- [WHAT THE EXERCISE ASKS]:
Take the lines below from the one with "EL RI PALMA 47 EN CHINCHILLA" through the one with "Malus domestica 'Telamon' op stam" and print only them, exactly. Don't print the pictures.

- [PROVIDED RECORDS]:
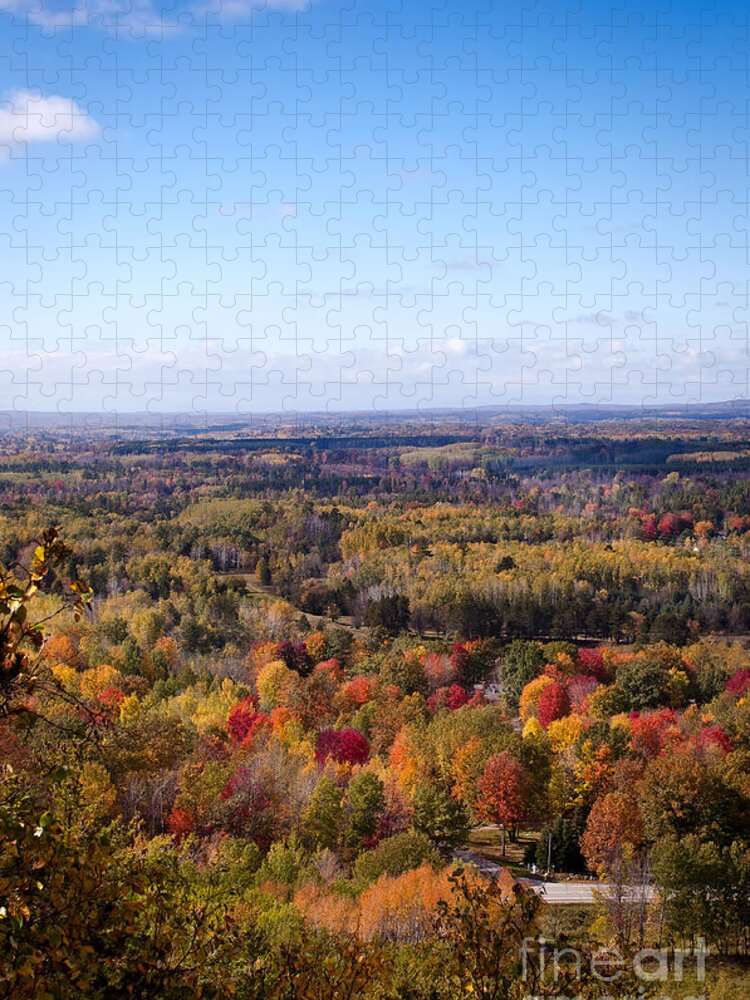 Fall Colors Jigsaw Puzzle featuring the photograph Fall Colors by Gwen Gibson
--
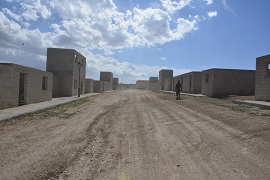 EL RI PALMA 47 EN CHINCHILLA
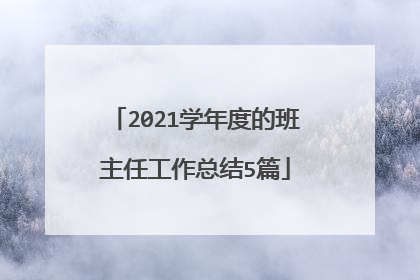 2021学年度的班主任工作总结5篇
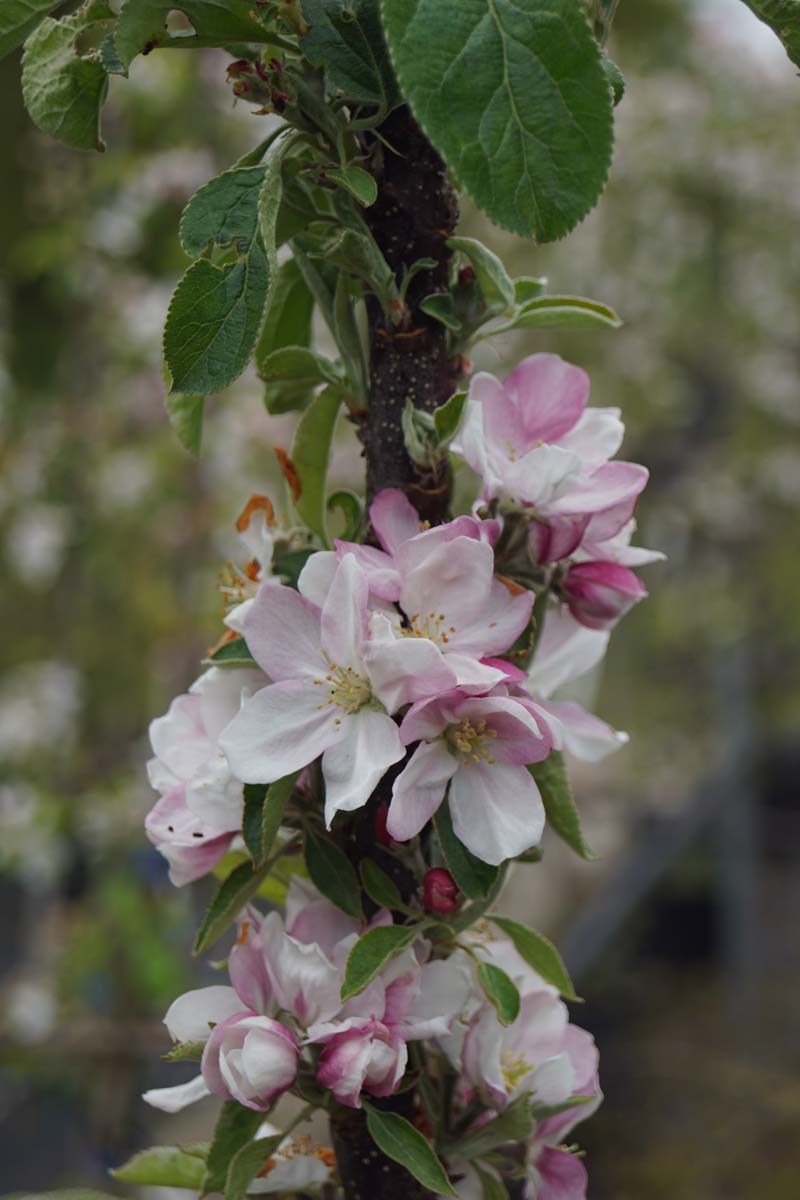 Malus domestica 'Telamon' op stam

- [YOUR SOLUTION]:
 EL RI PALMA 47 EN CHINCHILLA
 2021学年度的班主任工作总结5篇
 Malus domestica 'Telamon' op stam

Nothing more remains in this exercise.